Image-text web data:
[Start of Attachment]
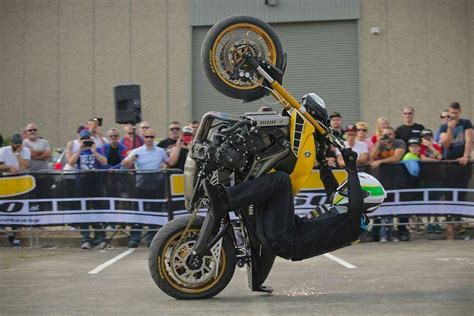 Amazing motorcycle stunts🔥 | Motorcycle, Stunts, Moped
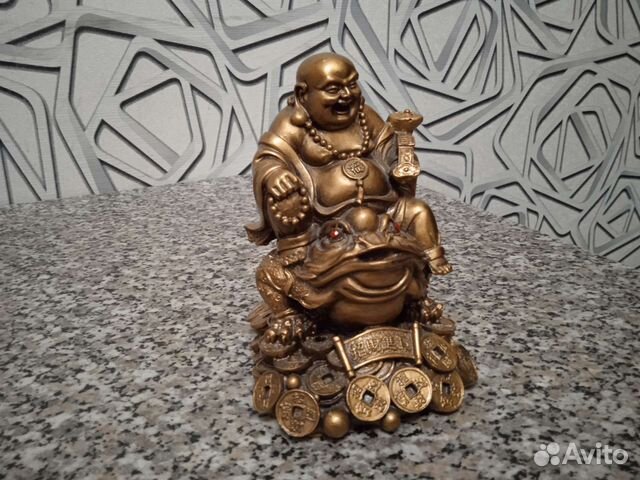 Статуэтка Будды на денежной лягушке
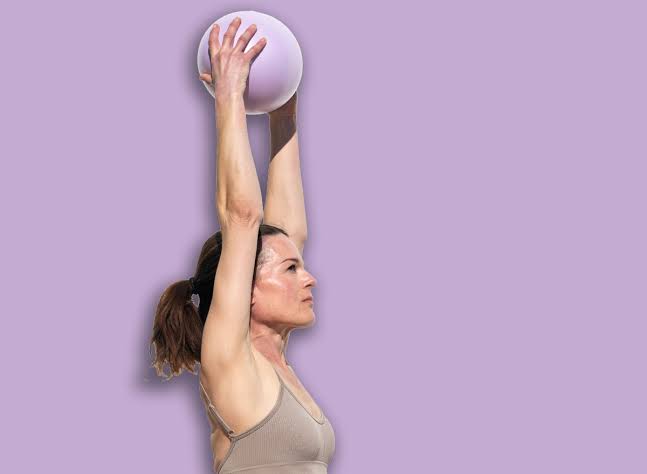 4 Standing Exercises That Flatten Belly Pooch Faster Than Weight Training After 60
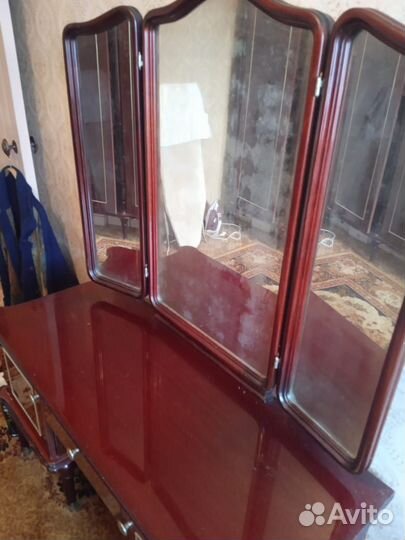 Трюмо с зеркалом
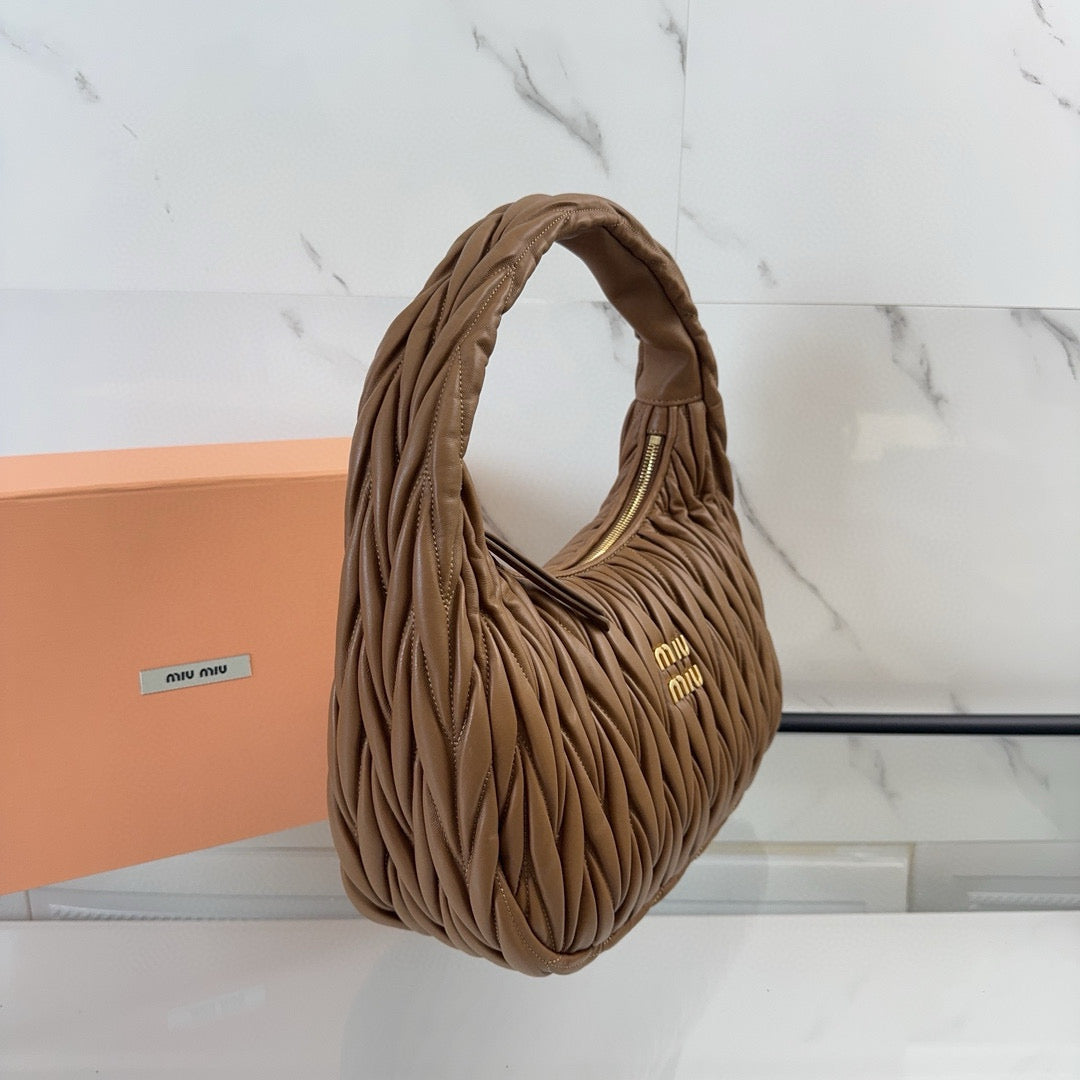 WANDER MATELASSE 29 BAG IN BROWN LAMBSKIN Amelia Bags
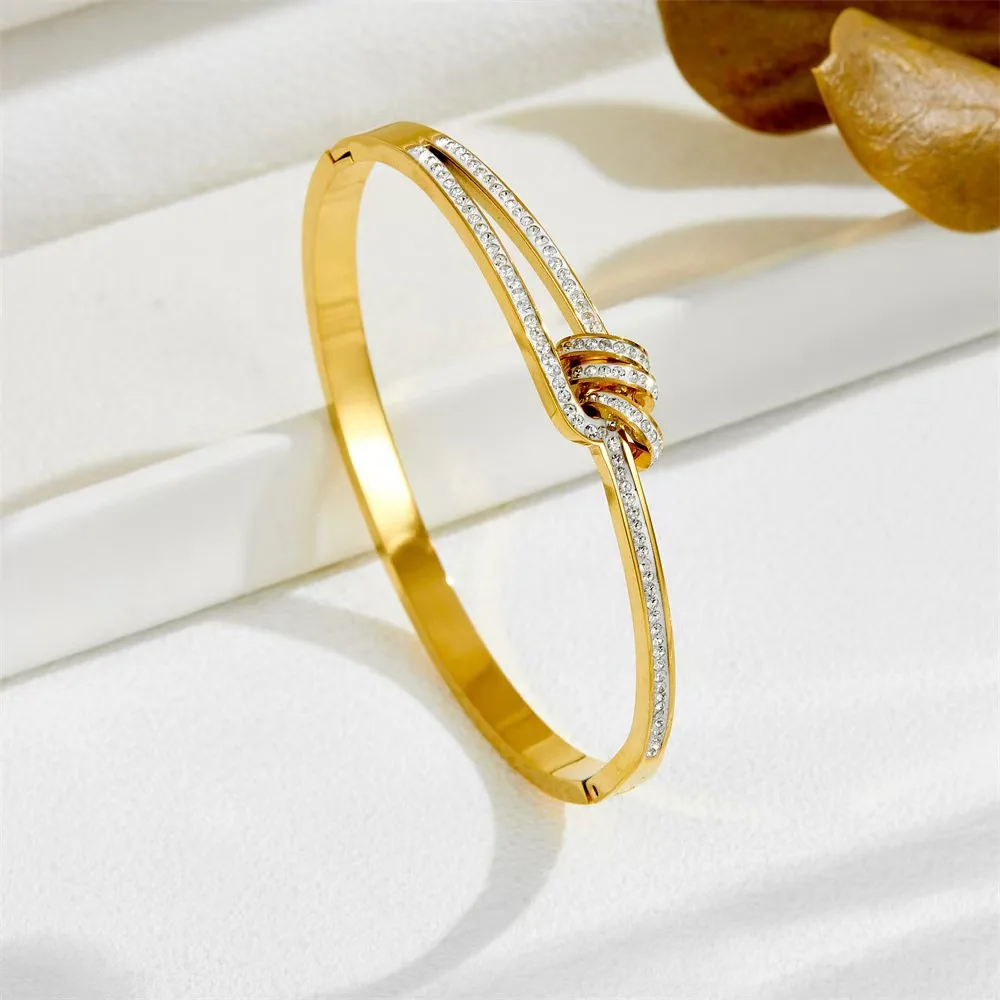 3pcs Hot-sale 18K Gold Bracelets Trendy and Elegant Jewelry 316L Stainless Steel Luxury Women Accessories Non-fading Gifts
3pcs Hot-sale 18K Gold Bracelets Trendy and Elegant Jewelry 316L Stainless Steel Luxury Women Accessories Non-fading Gifts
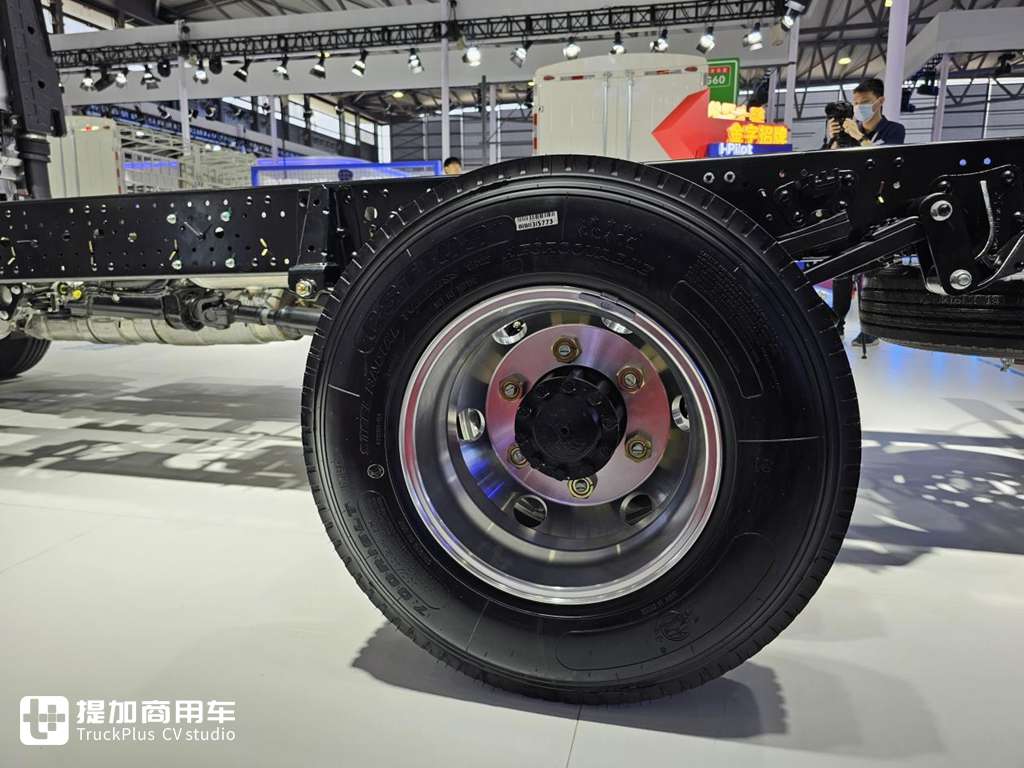 耗资十亿!青云架构下诞生的江铃凯运+轻卡,到底实力如何? - 第14张 - 提加商用车网 耗资十亿!青云架构下诞生的江铃凯运+轻卡,到底实力如何? - 第14张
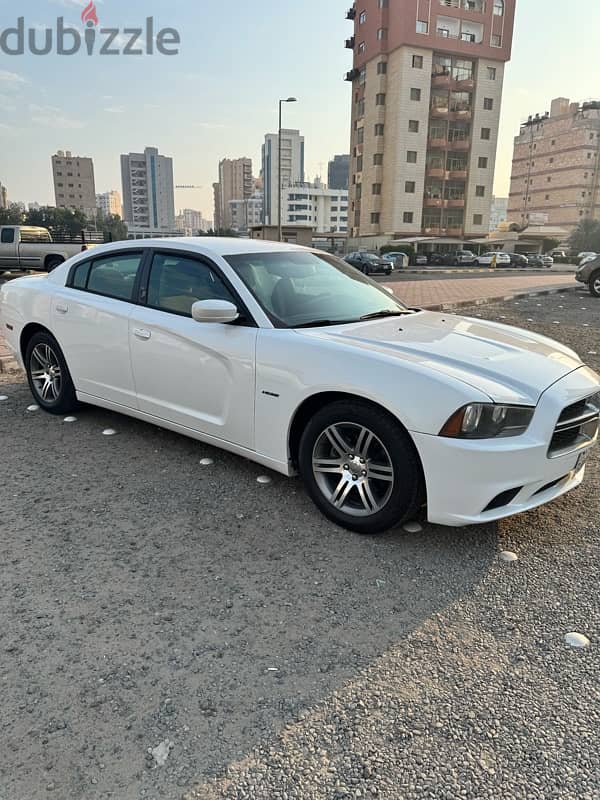 Dodge Charger 2013 1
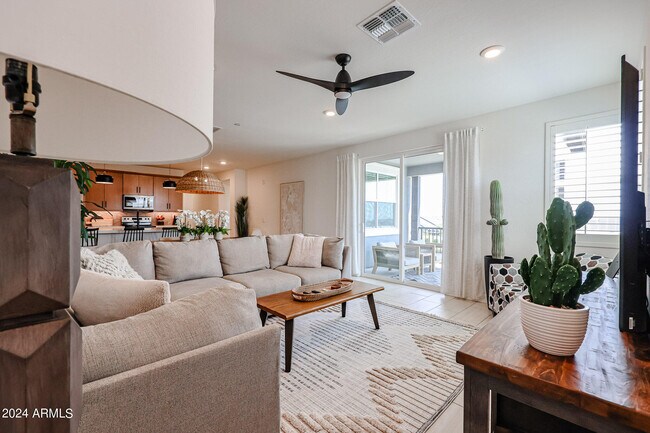 Building Photo - 11300 N Casa Dega Dr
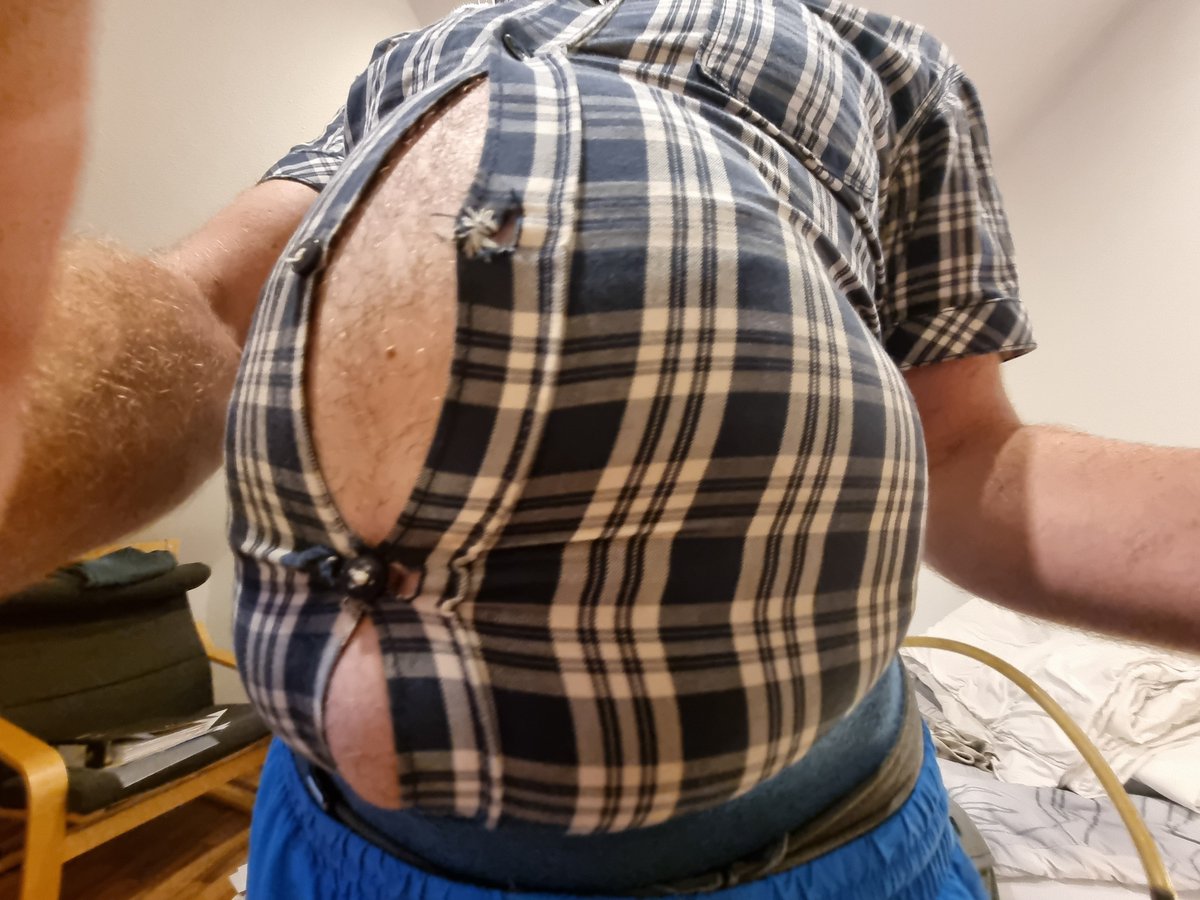 humanballoon22's tweet photo. @CatPudge1 Do i look fat too? https://t.co/TIEv64zcaC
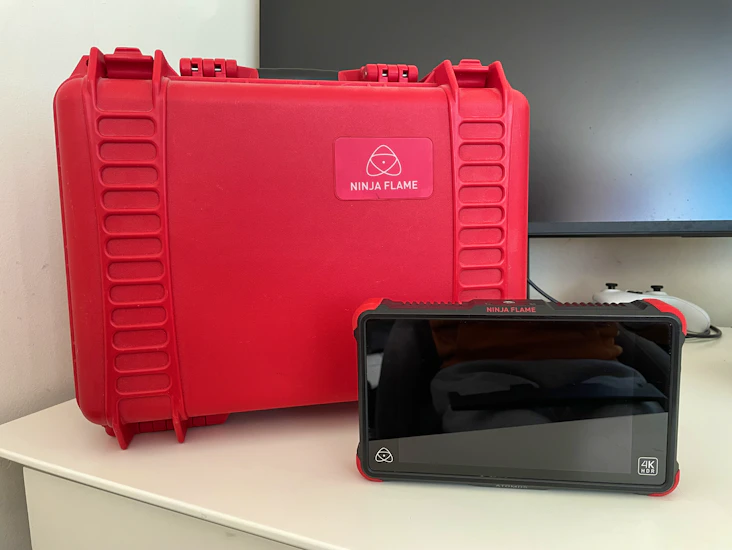 Ninja flame 4k field monitor & recorder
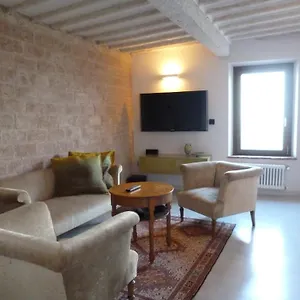 https://holiday-apartment-in-historical-palace.it-tuscanyhotel.com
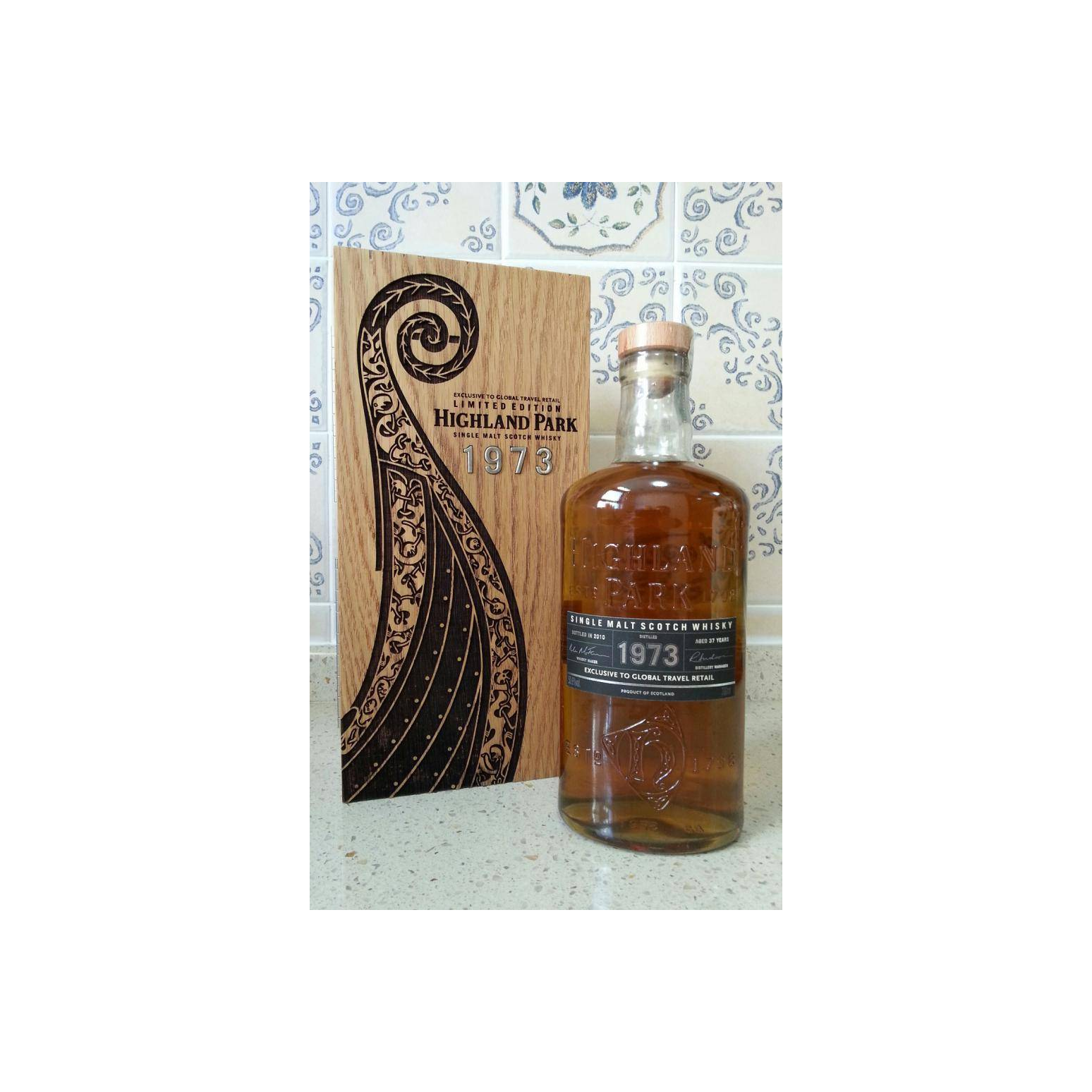 Highland Park 1973 37 Years Single Malt Whisky 3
[End of Attachment]
» **HOW TO COMPLETE THIS TASK**
Taking the entries above, extract every line from the one bearing "Статуэтка Будды на денежной лягушке" through the one bearing "WANDER MATELASSE 29", exactly, with no pictures.

» **WORKED SOLUTION**
 Статуэтка Будды на денежной лягушке
 4 Standing Exercises That Flatten Belly Pooch Faster Than Weight Training After 60
 Трюмо с зеркалом
 WANDER MATELASSE 29 BAG IN BROWN LAMBSKIN Amelia Bags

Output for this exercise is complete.